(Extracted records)
• • • • •

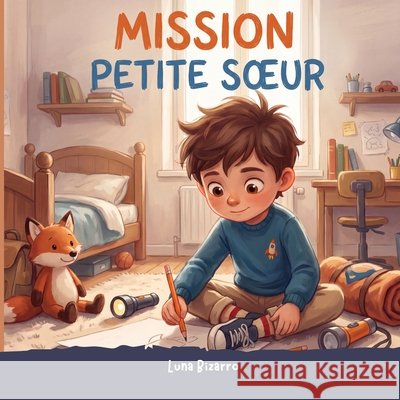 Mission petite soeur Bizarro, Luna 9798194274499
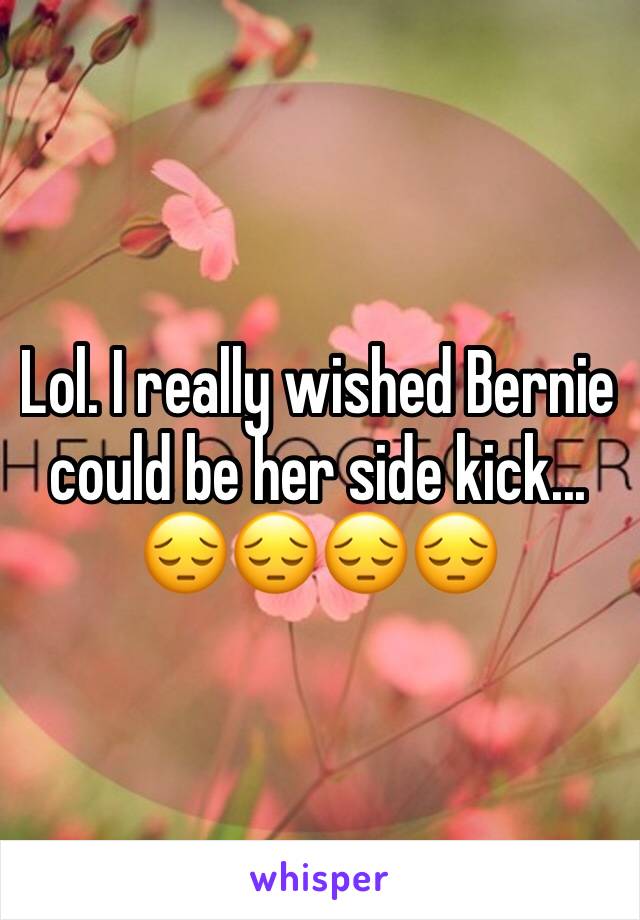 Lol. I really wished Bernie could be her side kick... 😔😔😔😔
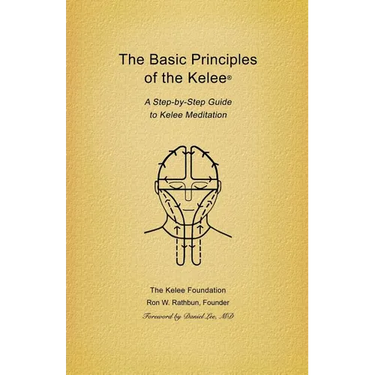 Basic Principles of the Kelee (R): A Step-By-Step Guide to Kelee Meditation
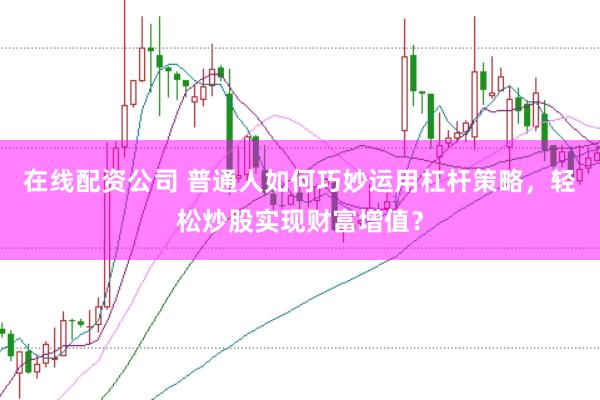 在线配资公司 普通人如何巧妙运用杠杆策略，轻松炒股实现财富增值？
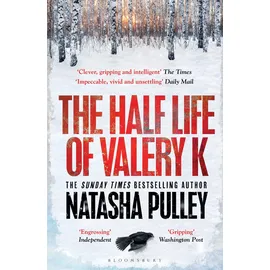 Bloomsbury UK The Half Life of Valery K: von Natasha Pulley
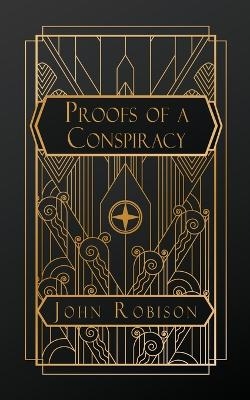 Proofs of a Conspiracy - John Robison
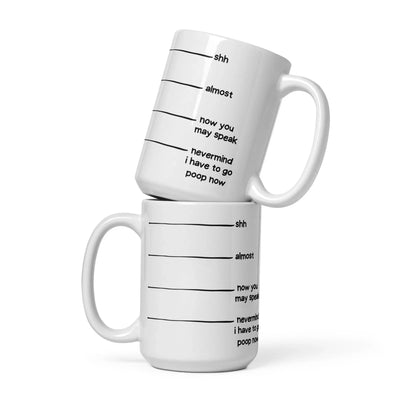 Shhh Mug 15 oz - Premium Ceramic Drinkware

• • • • •

Give back exactly the lines running from the one that contains "在线配资公司 普通人如何巧妙运用杠杆策略，轻松炒股实现财富增值？" to the end of the records, including both of those lines and excluding every picture.

* **Task solution**:
 在线配资公司 普通人如何巧妙运用杠杆策略，轻松炒股实现财富增值？
 Bloomsbury UK The Half Life of Valery K: von Natasha Pulley
 Proofs of a Conspiracy - John Robison
 Shhh Mug 15 oz - Premium Ceramic Drinkware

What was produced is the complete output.